ザッと見ても二十名はいた。こんなに集まっていたんだと息吹戸は驚いた。
(そういえば、津賀留ちゃんどこに行ったんだろう)
キョロっと辺りを見回すと
「こっちの車です息吹戸さん」
追いついた彼雁が大型ワゴンを示す。
(車を探していたわけじゃないんだけど)
確かにどの車に乗るか聞いていない。訂正するのは止めた。
ワゴンにつくと後部座席に勝木と東護が乗っていた。運転席に座っている若い男性は誰か分からない。

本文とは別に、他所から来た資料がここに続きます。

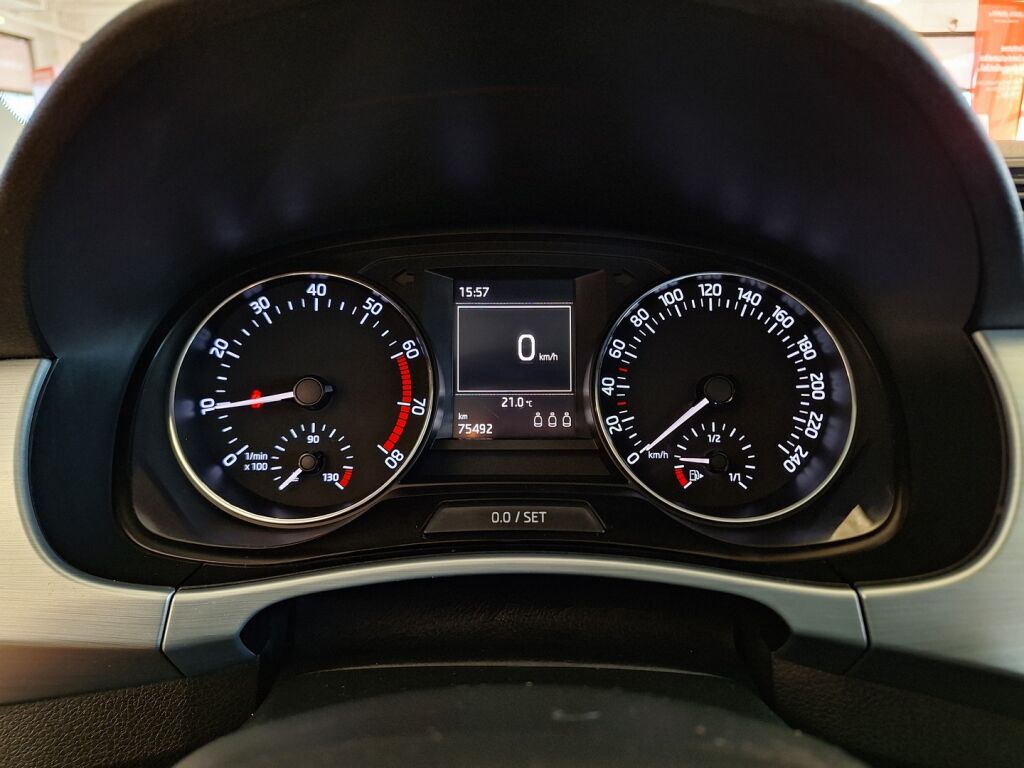 Skoda Fabia 2016 Punainen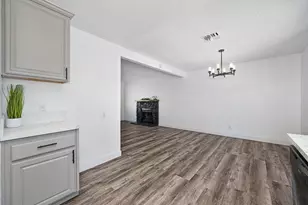 10 Malino Ct, Sacramento, CA 95823 - Photo 19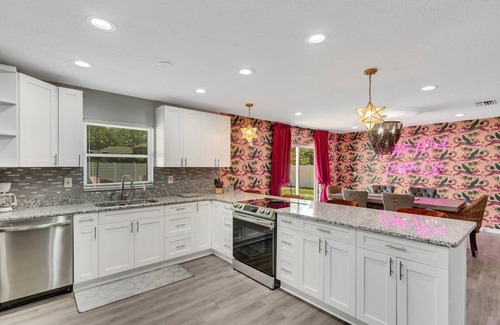 Lakeland Casa | Whimsical & Fun South Lakeland Home!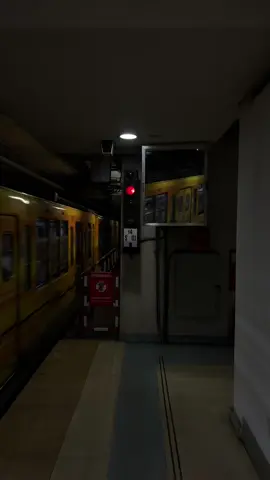 subte b te amo #subte #subtes #subway #bsas #buenosaires #buenosairesシ #argentina #argentina🇦🇷 #cine #cinema #aesthetic #argentinatiktok #fyp #fypシ #fy #core 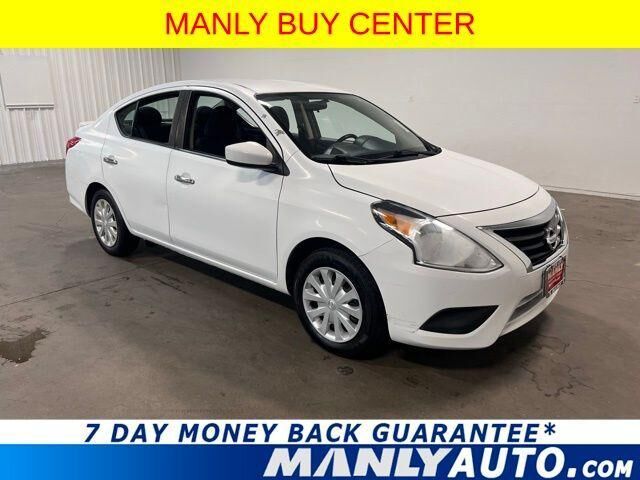 2019 NISSAN Versa
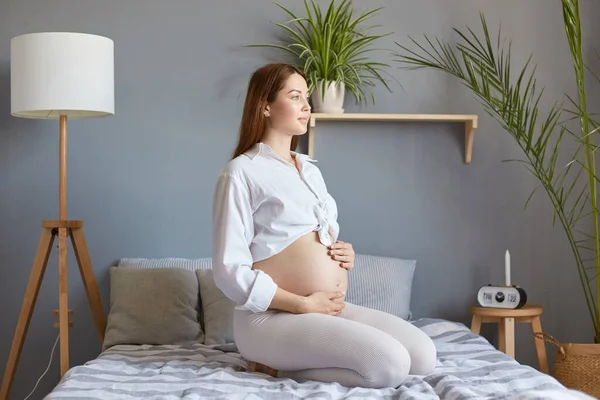 Beautiful Gentle Brown Haired Pregnant Woman Bare Belly Wearing White — Stock Photo, Image
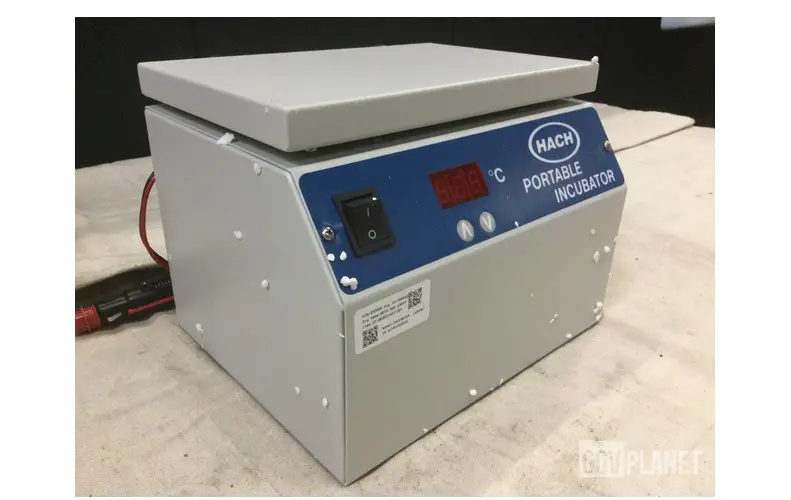 Hach 80415 Portable Incubator 12 Vdc 30 - 50 °c User Manual Hach 80415 Portable Incubator 12 Vdc 30 - 50 °c User Manual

彼雁を待ってから聞くと、怪我人に運転をさせられないので医療班が運転を担ってくれることになったと教えられた。
次は席の問題だ。
後からきた息吹戸に席を譲るなんて事をしない東護は助手席の後ろに座っている。
息吹戸は助手席を……東護の前に座るのを嫌がった。
なので勝木を真ん中に座らせて二人の距離をあけ、彼雁は助手席に座った。
彼雁も後部座席を気にして落ち着かず、ちょっとビクビクしている。
東護は腕を組み足を組みながら、無言で窓の外を眺めていた。
「限界、寝ます」
息吹戸は車が発進した途端、一声かけてガクッと意識を失った。窓に頭をつけてすぅすぅと寝息たてている。

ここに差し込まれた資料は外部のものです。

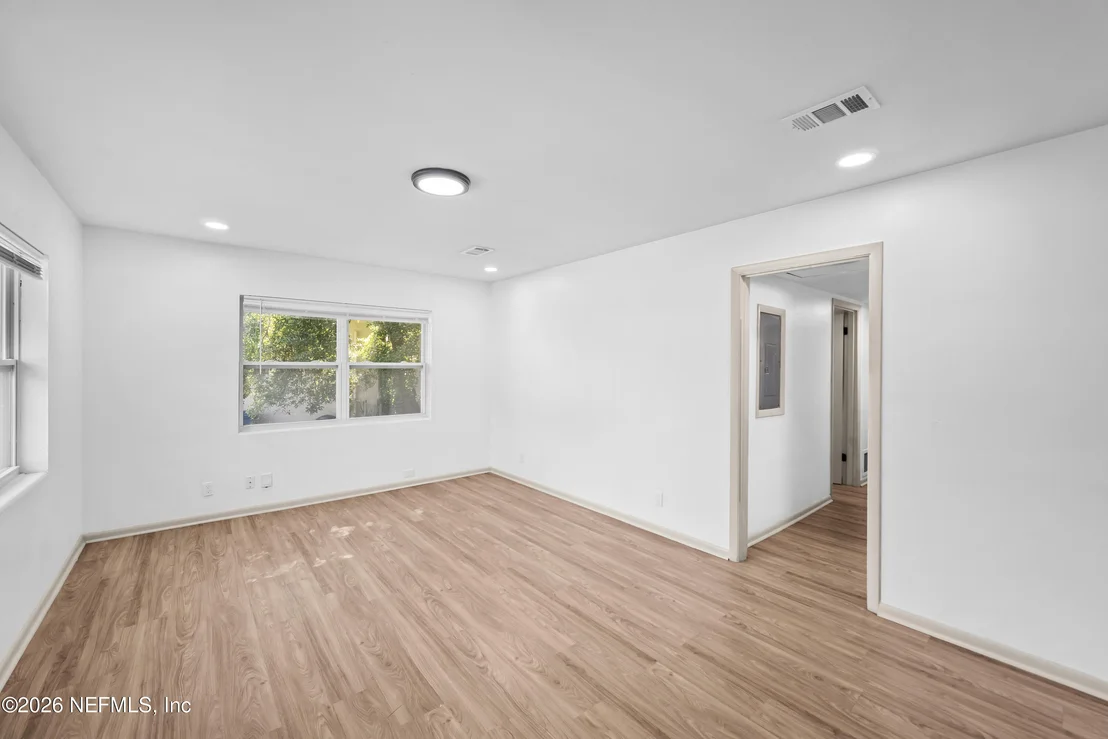 Photo of 6910 CARTIER Circle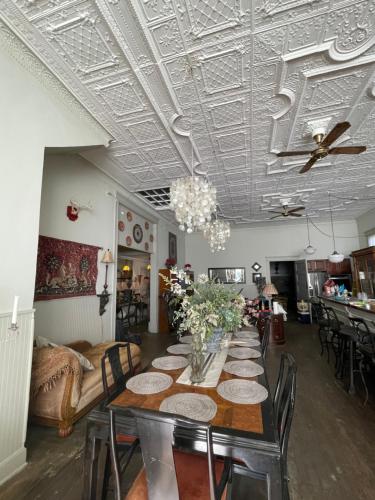Restaurace v ubytování Redefined Alchemy LLC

同じタイミングで、勝木もガクッと眠って小さくイビキをかいている。大きく広げた足が横にいる二人の足のスペースを奪う。
東護は手で勝木の足を向こう側に押しやった。
一瞬で寝落ちした二人を助手席から確認しつつ、彼雁は東護に声をかける。
「東護さんも寝て良いですよ。病院に着いたら起こしますから」
東護は気怠そうに、彼雁に向かってぼそっと声を出す。
「腕の怪我、悪かった」
「!?」
彼雁はビクッと派手に体を揺らしてしまい、助手席も揺れた。目を白黒させながら、後ろを振り返る。目が合った。
全然申し訳なさそう雰囲気ではない。空耳かと思ったが。
「あ、いえ、お気になさらず……」
反射的に遠慮すると、東護が自責の念を吐きだすようにため息をつく。
「不甲斐ないところをみせてしまった。火傷の傷が残らなければいいが……」
空耳ではなかった。と少し吃驚してから、ちょっとだけ照れたように笑う。
「気にしないでください。ええと、大丈夫なので」
「そうか」
短く答えると、用は済んだとばかりに東護は窓の外に視線を向けた。
そのまま誰も話さない。
十分ほど時間が経過して、彼雁は東護に呼びかけた。なんだ、と短い返事が返ってくる。
「あの。死者の国はどうでしたか? あ、興味本位ですので言いたくなければその……」
「……自分を見失いそうになる。あんな世界に行くのはもう二度と御免だ」
「そんなにひどい所だったんですか!?」
東護は口を噤んだので、彼雁はそれ以上聞くのを止めた。
彼が死者の国の詳細を知るのは勝木からであり、中々面白いところだったぞという楽観的な感想を得ることになる。
実際はどっちなのだろうと、彼雁は首を傾げるのであった。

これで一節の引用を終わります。